* _Recorded data_:

_ _ _

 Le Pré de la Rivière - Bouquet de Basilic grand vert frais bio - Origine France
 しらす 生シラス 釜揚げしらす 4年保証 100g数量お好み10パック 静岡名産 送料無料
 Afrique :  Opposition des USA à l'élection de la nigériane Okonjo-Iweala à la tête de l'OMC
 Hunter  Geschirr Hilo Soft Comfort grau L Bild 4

_ _ _

Retype the line containing "しらす 生シラス 釜揚げしらす" and each line after it through the end of the listing, exactly, leaving out everything else.

 しらす 生シラス 釜揚げしらす 4年保証 100g数量お好み10パック 静岡名産 送料無料
 Afrique :  Opposition des USA à l'élection de la nigériane Okonjo-Iweala à la tête de l'OMC
 Hunter  Geschirr Hilo Soft Comfort grau L Bild 4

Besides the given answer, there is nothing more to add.